Alfitra juga menyarankan, pihak korban dari tindak pidana terdakwa untuk segera melaporkan perilaku jaksa yang sudah ”membiarkan” berlarut-larutnya proses penanganan perkara hingga 14 bulan lebih ini ke Komisi Kejaksan RI (KKRI). ”Segera laporkan ke Komisi Kejaksaan jaksanya itu,” tegas Alfitra.
Alfitra beralasan, jaksa atau JPU dalam perkara itu harus dilaporkan ke Komisi Kejaksaan RI karena kinerjanya yang ”tidak becus” karena proses persidangan yang sudah terlalu lama, dan JPU yang tidak juga bisa menghadirkan terdakwa.
”Ini kan aneh. Alamat terdakwanya sangat lengkap, tapi JPU tak juga bisa menemukan dan membawa paksa terdakwa. Jangan-jangan ada hubungan istimewa antara jaksa dengan terdakwa. Makanya saya bilang harus dilaporkan ke Komisi Kejaksaan,” pungkas Alfitra.
Untuk diketahui, sejak disidangkan perdana pada 17 September 2018, sudah digelar 49 kali persidangan, namun 35 kali terdakwa AL mangkir dari persidangan dengan alasan sakit.
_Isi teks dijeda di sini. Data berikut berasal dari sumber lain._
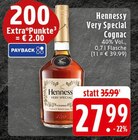 Very Special Cognac im Angebot bei EDEKA in Osnabrück Very Special Cognac Angebote von Hennessy bei EDEKA Osnabrück für 27,99 €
Bahkan majelis hakim Pengadilan Jakarta Selatan sudah dua kali mengeluarkan perintah jemput paksa terdakwa, namun jaksa tak juga berhasil menjemput paksa dengan alasan terdakwa tidak ditemukan.
Terdakwa AL sendiri dijerat jaksa dengan Pasal 263 KUHP tentang pemalsuan dokumen untuk klaim asuransi, dengan nomor perkara 1036/Pid.B/2018/PN JKT.SEL.